Start of Material for this task

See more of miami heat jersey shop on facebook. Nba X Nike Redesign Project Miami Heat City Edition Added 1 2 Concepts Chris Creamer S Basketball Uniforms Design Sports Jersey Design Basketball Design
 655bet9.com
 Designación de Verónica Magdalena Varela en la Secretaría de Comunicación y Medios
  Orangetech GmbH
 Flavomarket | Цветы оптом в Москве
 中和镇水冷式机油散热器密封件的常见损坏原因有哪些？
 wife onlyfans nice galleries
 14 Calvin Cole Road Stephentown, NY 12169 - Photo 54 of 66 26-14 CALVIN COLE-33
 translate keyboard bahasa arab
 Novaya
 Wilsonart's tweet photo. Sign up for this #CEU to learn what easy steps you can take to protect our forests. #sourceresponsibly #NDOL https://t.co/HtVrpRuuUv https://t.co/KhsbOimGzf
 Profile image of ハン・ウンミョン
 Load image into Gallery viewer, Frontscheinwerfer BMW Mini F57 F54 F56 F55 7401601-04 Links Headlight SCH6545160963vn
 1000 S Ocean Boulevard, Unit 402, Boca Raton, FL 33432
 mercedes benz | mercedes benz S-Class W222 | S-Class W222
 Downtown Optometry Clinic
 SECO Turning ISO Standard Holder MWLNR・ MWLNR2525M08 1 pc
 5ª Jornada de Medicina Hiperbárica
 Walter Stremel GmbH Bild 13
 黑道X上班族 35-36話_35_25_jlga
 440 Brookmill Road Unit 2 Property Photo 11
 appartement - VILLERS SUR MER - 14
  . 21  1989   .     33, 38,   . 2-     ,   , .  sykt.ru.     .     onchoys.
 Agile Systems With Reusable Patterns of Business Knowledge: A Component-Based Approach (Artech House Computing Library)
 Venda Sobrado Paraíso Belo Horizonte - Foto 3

End of Material for this task

◆ **Exercise instructions**
Word for word, give the whole listing again.

◆ **Finished exercise**
See more of miami heat jersey shop on facebook. Nba X Nike Redesign Project Miami Heat City Edition Added 1 2 Concepts Chris Creamer S Basketball Uniforms Design Sports Jersey Design Basketball Design
 655bet9.com
 Designación de Verónica Magdalena Varela en la Secretaría de Comunicación y Medios
  Orangetech GmbH
 Flavomarket | Цветы оптом в Москве
 中和镇水冷式机油散热器密封件的常见损坏原因有哪些？
 wife onlyfans nice galleries
 14 Calvin Cole Road Stephentown, NY 12169 - Photo 54 of 66 26-14 CALVIN COLE-33
 translate keyboard bahasa arab
 Novaya
 Wilsonart's tweet photo. Sign up for this #CEU to learn what easy steps you can take to protect our forests. #sourceresponsibly #NDOL https://t.co/HtVrpRuuUv https://t.co/KhsbOimGzf
 Profile image of ハン・ウンミョン
 Load image into Gallery viewer, Frontscheinwerfer BMW Mini F57 F54 F56 F55 7401601-04 Links Headlight SCH6545160963vn
 1000 S Ocean Boulevard, Unit 402, Boca Raton, FL 33432
 mercedes benz | mercedes benz S-Class W222 | S-Class W222
 Downtown Optometry Clinic
 SECO Turning ISO Standard Holder MWLNR・ MWLNR2525M08 1 pc
 5ª Jornada de Medicina Hiperbárica
 Walter Stremel GmbH Bild 13
 黑道X上班族 35-36話_35_25_jlga
 440 Brookmill Road Unit 2 Property Photo 11
 appartement - VILLERS SUR MER - 14
  . 21  1989   .     33, 38,   . 2-     ,   , .  sykt.ru.     .     onchoys.
 Agile Systems With Reusable Patterns of Business Knowledge: A Component-Based Approach (Artech House Computing Library)
 Venda Sobrado Paraíso Belo Horizonte - Foto 3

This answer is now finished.